Cuando por fin se autorizó el pago del rescate y una lancha a motor llevó el efectivo hasta el “Ponant”, los piratas liberaron su presa y partieron en su Zodiac rumbo a la costa, seguido por un helicóptero del portaaviones canadiense. Marchesseau y su tripulación fueron fletados en un avión de guerra directo a París: el propio Sarkozy los recibió en el aeropuerto, delante de las cámaras de TV, y anunció que los piratas habían sido atrapados por los canadienses, “con autorización del gobierno somalí” (que opera desde Kenia “debido a la falta de seguridad”).
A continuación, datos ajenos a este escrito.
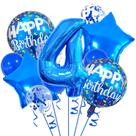 Conjunto de balões azul de aniversário, 11 unidades com balão de alumínio número 4 de 32 polegadas Conjunto de balões azul de aniversário, 11 unidades com balão de alumínio número 4 de 32 polegadas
Marchesseau se tomó una licencia para escribir su libro y luego lo presentó por toda Francia. Cosa curiosa, la prensa lo trató como un simpático libro de aventuras, y así lo ve el propio Marchesseau, aunque en sus páginas explica como al pasar que, aunque los cuatrocientos barcos de la CMA-CGM (entre cruceros y cargueros) usen bandera francesa, están radicados en un paraíso fiscal del Pacífico Sur llamado Mata-Utu, donde no sólo no hay puerto de aguas profundas sino que la CMA-CGM mantiene allí únicamente una casilla de correos y una dirección de e-mail.
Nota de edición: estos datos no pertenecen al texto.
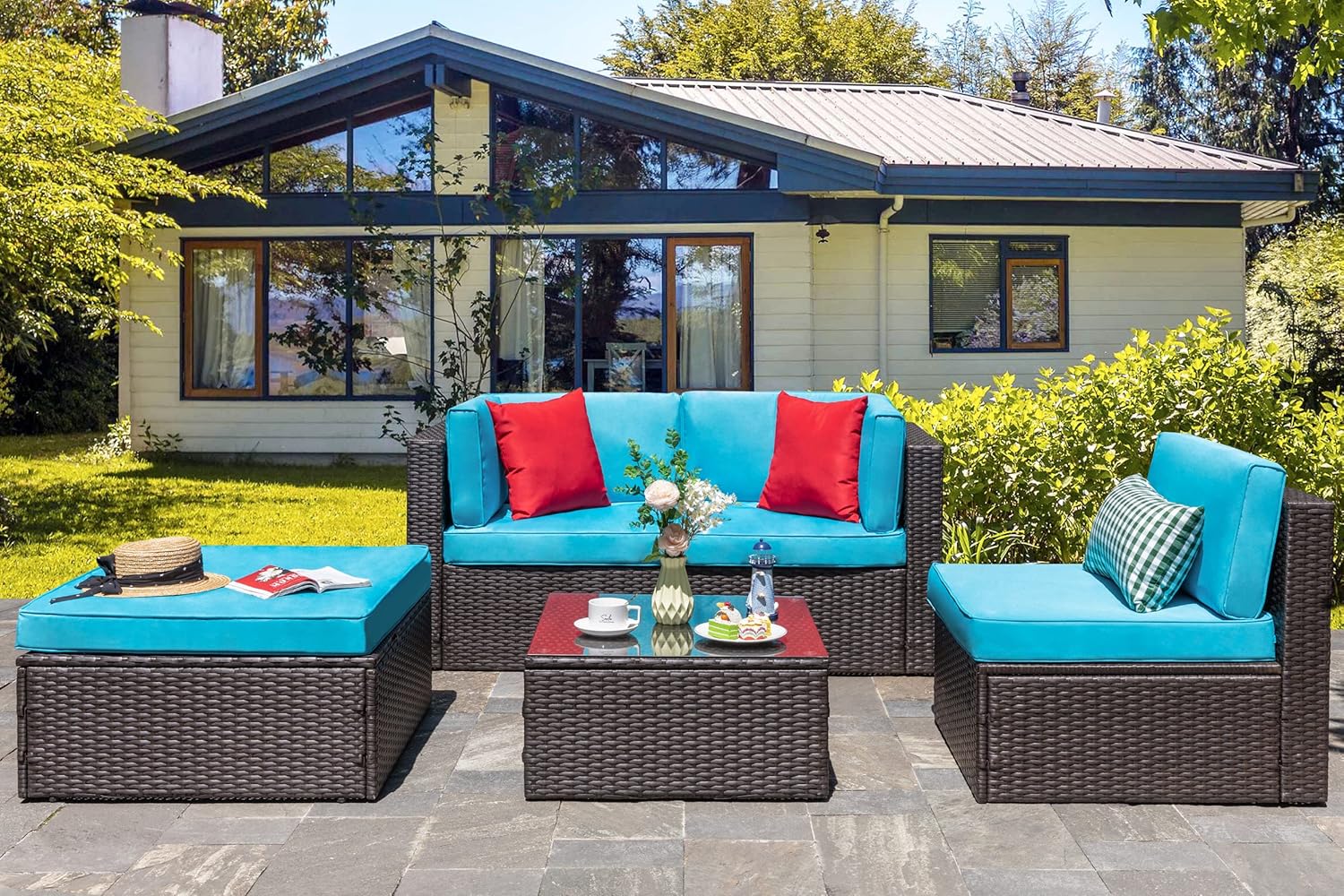 5 Piece All-Weather Patio Furniture Set with Ottoman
La gran ironía de todo el asunto es que las compañías navieras que hoy piden protección son las mismas que durante años buscaron cualquier resquicio legal para evadir los impuestos y exigencias sindicales de su país de origen. Y precisamente por haber logrado una existencia más allá de las regulaciones y leyes nacionales, no podrían contar con ayuda de ningún Estado, si no fuera por la guerra sin fronteras contra el terrorismo iniciada por Bush. De todas maneras, como señala cándidamente Marchesseau en su libro, los consorcios navieros son por naturaleza muy adaptables: si los barcos que hoy las defienden se fueran mañana del Golfo de Adén, contratarían ellos mismos su servicio de vigilancia. Y si eso les resulta muy caro, les ofrecerán a los propios piratas somalíes que se encarguen de protegerlos (como hizo la corona británica con el pirata Morgan en 1675). De manera que la próxima vez que oigamos la canción de Los Auténticos Decadentes, ya sabemos a quiénes se están refiriendo.